The idea took strange hold on him. It seemed the method of the world—at any rate it had been the method of that afternoon—for the men who stood before their fellows with clean hands to plant themselves on the far side of a chasm of conventions, or narrow self-esteem, or easily won virtue, and cry to those beings who struggled on the other side of that chasm—to those human beings whose souls had never gone to school: “Look at us! Our hands are clean, our hearts are pure. See how beautiful it is to be good! Come ye, poor sinners, and be good also.” And the poor sinners, the untaught, birthmarked human souls, would look over at the self-acclaimed goodness they could see far across the chasm, and even though attracted to it (which, he grimly reflected, would not seem likely) the thing that was left with them was a sense of the width of the chasm.
He had a sense of needless waste, of unnecessary blight. He looked down at those three hundred faces and it was as if looking at human waste; and it was human stupidity, human complacency and cowardice kept those human beings human drift.
With what a smug self-satisfaction—under the mask of benevolence—the speakers of that afternoon had flaunted their virtue—their position! How condescendingly they had spoken of the home which we, the good, prepare for you, the bad, and what namby-pambyness there was, after all, in that sentiment which all of them had voiced—and now you must pay us back by being good!
Oh for a man of flesh and blood to stand up and tell how he himself had failed and suffered! For a man who could bridge that chasm with strong, broad, human understanding and human sympathies—a man who would stand among them pulse-beat to pulse-beat and cry out, “I know! I understand! I fought it and I'll help you fight it too!”

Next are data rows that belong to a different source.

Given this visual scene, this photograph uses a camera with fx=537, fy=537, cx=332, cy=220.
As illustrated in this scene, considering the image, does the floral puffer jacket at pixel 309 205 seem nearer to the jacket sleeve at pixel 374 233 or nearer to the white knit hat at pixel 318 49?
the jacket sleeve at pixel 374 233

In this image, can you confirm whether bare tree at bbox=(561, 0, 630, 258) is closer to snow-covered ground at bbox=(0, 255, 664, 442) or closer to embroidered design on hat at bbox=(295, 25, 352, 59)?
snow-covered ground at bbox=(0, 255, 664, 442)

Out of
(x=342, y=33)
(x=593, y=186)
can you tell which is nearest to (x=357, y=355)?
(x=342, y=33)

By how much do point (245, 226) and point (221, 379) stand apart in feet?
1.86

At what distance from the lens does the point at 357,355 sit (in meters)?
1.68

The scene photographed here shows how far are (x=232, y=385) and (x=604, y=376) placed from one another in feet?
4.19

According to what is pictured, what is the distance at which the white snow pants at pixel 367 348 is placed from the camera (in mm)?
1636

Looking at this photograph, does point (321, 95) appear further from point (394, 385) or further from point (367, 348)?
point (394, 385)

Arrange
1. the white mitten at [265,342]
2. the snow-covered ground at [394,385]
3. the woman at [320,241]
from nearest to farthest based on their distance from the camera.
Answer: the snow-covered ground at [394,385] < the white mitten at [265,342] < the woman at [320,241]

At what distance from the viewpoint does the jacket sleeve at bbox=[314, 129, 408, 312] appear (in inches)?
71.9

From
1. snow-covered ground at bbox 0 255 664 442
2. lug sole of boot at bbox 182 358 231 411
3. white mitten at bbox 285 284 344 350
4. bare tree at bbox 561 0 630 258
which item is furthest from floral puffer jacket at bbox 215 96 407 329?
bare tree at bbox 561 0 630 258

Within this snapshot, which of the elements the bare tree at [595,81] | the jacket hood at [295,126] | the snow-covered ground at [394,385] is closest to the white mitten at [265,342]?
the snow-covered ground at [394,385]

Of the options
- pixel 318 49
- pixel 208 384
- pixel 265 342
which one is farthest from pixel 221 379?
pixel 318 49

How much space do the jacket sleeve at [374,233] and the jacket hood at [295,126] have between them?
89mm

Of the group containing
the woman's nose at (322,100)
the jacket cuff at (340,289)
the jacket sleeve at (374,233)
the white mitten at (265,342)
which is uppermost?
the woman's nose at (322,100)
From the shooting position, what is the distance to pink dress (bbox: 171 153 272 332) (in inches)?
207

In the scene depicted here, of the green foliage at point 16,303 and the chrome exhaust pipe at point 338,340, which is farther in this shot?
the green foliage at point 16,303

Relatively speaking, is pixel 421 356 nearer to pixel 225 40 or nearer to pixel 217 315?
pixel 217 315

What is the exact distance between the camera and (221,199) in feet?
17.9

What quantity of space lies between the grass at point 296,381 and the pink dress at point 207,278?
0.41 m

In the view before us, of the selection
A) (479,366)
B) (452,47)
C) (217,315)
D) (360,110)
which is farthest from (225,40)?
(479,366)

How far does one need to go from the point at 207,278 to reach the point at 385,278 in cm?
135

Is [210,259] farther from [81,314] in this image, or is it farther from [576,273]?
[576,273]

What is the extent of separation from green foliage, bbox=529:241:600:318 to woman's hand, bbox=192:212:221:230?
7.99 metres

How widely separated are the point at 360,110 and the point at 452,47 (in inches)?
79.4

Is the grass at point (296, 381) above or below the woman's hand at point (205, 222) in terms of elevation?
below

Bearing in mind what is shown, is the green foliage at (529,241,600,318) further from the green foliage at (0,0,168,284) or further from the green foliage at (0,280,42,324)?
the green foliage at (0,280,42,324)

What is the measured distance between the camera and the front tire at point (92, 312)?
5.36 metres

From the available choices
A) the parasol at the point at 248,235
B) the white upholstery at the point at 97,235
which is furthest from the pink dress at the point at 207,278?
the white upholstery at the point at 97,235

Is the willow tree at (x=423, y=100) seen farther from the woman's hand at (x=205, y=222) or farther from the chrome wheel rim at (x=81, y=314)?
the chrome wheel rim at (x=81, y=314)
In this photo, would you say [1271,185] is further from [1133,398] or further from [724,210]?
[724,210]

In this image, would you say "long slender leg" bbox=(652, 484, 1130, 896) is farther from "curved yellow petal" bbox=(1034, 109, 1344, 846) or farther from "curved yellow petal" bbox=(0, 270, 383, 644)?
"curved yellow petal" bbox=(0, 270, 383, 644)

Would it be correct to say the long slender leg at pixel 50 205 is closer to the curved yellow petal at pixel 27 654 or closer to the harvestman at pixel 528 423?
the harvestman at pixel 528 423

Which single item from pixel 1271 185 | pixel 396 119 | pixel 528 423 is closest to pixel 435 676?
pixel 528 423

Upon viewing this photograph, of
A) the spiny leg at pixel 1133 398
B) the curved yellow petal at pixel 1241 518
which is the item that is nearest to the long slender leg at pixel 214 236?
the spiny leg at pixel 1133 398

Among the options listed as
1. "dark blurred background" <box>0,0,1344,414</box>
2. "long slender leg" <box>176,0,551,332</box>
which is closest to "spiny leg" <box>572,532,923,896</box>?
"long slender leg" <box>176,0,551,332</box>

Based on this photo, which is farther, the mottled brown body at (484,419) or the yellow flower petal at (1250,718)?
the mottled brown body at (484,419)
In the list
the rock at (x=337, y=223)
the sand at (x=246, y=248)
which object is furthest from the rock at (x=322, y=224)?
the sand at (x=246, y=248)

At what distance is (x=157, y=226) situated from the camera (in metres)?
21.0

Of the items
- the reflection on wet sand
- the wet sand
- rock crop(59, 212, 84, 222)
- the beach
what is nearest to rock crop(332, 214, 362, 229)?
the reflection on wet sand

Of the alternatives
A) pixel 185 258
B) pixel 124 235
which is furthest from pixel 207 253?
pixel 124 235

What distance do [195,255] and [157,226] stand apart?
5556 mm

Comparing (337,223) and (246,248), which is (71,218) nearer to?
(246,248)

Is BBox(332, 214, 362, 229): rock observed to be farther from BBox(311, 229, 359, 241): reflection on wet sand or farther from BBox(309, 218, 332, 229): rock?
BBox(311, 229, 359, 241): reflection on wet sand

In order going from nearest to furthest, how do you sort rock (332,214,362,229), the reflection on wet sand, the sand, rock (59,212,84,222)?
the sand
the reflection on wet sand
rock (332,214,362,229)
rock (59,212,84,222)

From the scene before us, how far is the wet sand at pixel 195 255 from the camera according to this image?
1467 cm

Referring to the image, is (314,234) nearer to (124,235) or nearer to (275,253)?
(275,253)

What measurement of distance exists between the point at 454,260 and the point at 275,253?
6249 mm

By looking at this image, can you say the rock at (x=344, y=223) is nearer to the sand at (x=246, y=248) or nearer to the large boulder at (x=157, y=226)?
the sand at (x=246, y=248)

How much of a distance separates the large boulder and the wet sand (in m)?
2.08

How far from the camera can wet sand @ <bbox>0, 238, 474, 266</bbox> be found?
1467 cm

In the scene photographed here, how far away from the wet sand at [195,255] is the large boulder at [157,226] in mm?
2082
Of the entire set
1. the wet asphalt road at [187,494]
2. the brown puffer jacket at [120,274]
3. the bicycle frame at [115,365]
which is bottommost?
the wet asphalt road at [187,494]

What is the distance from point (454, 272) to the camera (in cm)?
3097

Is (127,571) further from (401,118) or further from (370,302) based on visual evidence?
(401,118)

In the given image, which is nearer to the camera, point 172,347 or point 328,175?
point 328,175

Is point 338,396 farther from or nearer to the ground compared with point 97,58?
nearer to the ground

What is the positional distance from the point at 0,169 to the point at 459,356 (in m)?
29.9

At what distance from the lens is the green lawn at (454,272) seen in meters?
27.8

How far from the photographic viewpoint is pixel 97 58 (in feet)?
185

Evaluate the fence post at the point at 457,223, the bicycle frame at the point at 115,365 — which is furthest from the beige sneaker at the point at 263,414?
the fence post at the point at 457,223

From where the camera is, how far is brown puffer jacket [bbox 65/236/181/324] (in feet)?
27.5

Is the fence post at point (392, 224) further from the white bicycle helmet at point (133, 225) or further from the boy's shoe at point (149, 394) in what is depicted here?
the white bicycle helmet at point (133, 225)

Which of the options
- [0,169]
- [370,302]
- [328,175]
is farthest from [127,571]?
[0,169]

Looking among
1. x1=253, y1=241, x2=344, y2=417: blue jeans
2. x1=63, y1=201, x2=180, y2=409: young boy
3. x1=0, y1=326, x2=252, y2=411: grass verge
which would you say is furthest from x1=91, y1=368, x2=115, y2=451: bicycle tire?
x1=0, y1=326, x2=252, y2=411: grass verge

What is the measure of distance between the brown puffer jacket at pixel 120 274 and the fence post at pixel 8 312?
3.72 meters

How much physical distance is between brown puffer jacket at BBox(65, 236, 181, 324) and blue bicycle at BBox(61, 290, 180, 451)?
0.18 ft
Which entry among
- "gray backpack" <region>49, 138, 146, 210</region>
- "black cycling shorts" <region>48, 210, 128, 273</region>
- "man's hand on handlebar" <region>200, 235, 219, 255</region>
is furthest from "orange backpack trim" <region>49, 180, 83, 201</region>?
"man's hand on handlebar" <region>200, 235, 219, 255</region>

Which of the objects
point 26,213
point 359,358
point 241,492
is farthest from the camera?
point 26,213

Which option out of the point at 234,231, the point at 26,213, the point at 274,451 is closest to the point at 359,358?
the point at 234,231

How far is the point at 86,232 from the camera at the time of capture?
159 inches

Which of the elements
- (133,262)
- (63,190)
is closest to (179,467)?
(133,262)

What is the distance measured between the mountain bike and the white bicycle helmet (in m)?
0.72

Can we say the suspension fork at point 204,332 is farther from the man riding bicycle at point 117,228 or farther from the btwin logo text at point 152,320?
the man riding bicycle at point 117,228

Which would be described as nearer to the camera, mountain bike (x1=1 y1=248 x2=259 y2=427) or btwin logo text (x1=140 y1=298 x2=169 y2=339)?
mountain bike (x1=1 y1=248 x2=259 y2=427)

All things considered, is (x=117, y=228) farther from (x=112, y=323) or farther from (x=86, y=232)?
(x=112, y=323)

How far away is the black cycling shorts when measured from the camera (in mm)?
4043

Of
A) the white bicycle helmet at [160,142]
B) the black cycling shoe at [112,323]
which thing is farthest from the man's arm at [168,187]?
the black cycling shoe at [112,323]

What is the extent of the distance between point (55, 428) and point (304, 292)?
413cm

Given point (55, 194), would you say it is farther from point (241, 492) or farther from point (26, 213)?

The sound of his own name broke the spell that was upon him. He looked to the centre of the stage and saw that the professor from the State University had seated himself and that the superintendent of the institution was occupying the place of the speaker. And the superintendent was saying:
“We may esteem ourselves especially fortunate in having him with us this afternoon. He is one of the great men of the State, one of the men who by high living, by integrity and industry, has raised himself to a position of great honour among his fellow men. A great party—may I say the greatest of all parties?—has shown its unbounded confidence in him by giving him the nomination for the governorship of the State. No man in the State is held in higher esteem to-day than he. And so it is with special pleasure that I introduce to you that man of the future—Philip Grayson.”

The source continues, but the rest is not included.